Dès la naissance et de façon innée, le nourrisson est attiré par la saveur sucrée et les aliments riches, nécessaires à sa croissance. Le lait maternel lui procure du plaisir et contribue à son développement. « À l’inverse, le tout-petit n'a pas d'appétence immédiate pour la saveur amère. C'est ce qui explique qu'il peut rejeter les légumes lors des premières expositions », souligne Sandrine Monnery-Patris, chargée de recherche à l'Inra, Centre des sciences du goût et de l'alimentation (CSGA), Dijon. Pour prendre plaisir à consommer des aliments sains tels que les légumes, l'enfant devra se familiariser avec leur goût et leur texture. « Les études montrent qu'il faut, en moyenne, entre 8 et 11 expositions pour contrer le phénomène de néophobie alimentaire et favoriser le plaisir lié à la consommation de nouveaux aliments », précise Sandrine Monnery-Patris. L'apprentissage dès la plus tendre enfance facilite, ainsi, l'association entre aliments sains et bons pour la santé. Des travaux menés au CSGA (1) ont mis en évidence 3 types de plaisirs liés à l'alimentation : sensoriel (goût des aliments), social (partage, commensalité) et cognitif (valeur symbolique de l'aliment). Il existe une imagerie forte, liée à chaque groupe d'aliments, à laquelle les enfants sont très sensibles. Cette imagerie est notamment véhiculée par la publicité télévisée. « Or les aliments sains - tels que les fruits et légumes - ne sont jamais valorisés dans les publicités. Au contraire, ils sont présentés comme des aliments qu'il faut consommer car "bons pour la santé". Cette communication, fondée sur des messages nutritionnels culpabilisants a des effets délétères. Des travaux américains ont montré que plus on instrumentalise un aliment - plus on le détourne de son usage premier qui est de se nourrir et se faire plaisir - et plus les enfants se détachent de l'aliment en question », ajoute Sandrine Monnery-Patris.

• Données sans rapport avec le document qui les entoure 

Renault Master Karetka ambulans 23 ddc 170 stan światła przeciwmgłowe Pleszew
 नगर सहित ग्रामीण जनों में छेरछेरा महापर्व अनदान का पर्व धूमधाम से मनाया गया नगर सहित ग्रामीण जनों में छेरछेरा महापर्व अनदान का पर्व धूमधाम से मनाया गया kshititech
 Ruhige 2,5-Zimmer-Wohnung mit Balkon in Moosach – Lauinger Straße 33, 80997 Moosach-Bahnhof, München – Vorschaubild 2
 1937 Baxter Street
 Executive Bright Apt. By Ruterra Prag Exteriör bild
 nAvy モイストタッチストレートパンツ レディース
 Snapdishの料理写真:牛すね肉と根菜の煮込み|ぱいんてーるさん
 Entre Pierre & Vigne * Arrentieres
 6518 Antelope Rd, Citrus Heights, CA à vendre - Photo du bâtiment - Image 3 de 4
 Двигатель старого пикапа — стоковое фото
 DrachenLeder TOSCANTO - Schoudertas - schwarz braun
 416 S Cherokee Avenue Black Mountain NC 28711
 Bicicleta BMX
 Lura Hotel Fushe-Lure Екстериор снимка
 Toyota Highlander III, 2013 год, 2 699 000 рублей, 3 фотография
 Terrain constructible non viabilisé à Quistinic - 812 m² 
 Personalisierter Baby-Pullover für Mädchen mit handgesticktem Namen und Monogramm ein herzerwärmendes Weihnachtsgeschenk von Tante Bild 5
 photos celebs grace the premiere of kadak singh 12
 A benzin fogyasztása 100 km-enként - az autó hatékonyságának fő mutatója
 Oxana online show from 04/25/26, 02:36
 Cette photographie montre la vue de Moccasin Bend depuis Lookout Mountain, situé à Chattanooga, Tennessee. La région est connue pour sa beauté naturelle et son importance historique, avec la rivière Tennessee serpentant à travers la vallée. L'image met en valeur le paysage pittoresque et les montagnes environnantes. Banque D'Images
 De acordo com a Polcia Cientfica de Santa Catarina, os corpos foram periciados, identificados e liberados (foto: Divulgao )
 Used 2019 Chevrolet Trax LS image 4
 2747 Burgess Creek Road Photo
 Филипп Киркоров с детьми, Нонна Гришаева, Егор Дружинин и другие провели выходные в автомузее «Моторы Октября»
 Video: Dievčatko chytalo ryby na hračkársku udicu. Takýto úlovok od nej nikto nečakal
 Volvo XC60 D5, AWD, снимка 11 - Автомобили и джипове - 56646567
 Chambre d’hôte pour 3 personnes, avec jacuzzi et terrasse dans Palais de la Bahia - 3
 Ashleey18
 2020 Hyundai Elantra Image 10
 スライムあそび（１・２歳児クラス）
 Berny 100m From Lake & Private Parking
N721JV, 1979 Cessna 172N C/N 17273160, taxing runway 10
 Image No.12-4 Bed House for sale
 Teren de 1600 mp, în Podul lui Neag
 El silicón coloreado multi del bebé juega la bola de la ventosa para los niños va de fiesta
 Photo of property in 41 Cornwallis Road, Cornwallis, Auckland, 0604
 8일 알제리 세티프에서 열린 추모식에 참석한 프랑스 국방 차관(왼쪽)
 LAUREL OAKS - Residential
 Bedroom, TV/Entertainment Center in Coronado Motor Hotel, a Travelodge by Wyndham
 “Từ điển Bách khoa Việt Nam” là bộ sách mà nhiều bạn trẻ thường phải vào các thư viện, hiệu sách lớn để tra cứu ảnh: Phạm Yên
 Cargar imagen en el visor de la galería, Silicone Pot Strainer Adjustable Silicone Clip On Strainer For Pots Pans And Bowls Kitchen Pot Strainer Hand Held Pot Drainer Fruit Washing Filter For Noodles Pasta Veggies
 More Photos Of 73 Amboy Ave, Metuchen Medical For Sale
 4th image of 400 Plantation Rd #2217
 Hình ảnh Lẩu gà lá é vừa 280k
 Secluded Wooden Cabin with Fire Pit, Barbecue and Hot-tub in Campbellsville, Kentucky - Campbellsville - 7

Se réapproprier l'acte alimentaire

Si la construction de l'acte alimentaire chez l'enfant passe, avant tout, par le plaisir, chez l'adulte ce lien est plus complexe. Chez ce dernier, le choix d'un aliment fait souvent face au dilemme nutrition/plaisir. « La grande majorité des adultes normaux pondéraux - sans troubles du comportement alimentaire - savent se faire plaisir en mangeant sans que cela nuise à leur santé », indique Stéphanie Chambaron, docteur en psychologie cognitive, chargée de recherche à l'Inra (CSGA, Dijon). Cette prise de décision serait plus compliquée chez l'adulte obèse. « Ces derniers doivent respecter des injonctions nutritionnelles et faire face à un environnement obésogène (multiplication des fast-foods, publicités valorisant les produits caloriques…) », confie Stéphanie Chambaron. Face à ces informations antithétiques, comment le patient obèse peut-il associer plaisir et santé ? L'une des pistes serait qu'il se réapproprie l'acte alimentaire. « Aujourd'hui, le manque de temps ou d'envie, les pousse à consommer des aliments ultratransformés et les repères associés aux repas (s’asseoir autour d’une table, partager…) se perdent », note Stéphanie Chambaron. Depuis 4 ans, cette chercheuse et son équipe animent des ateliers d'éducation thérapeutique (ETP) au CHU de Dijon auprès de parents et d'enfants obèses. L'objectif est de redonner du bon sens à l'alimentation : apprendre à écouter ses sensations, décrypter les étiquettes nutritionnelles, donner des astuces pour cuisiner de façon simple, saine et savoureuse… « Nous suivons ces patients pendant 6 mois. Les premiers résultats indiquent qu’à l'issue de l'ETP, certains patients obèses reprennent du plaisir et dédramatisent l'acte alimentaire », conclut Stéphanie Chambaron.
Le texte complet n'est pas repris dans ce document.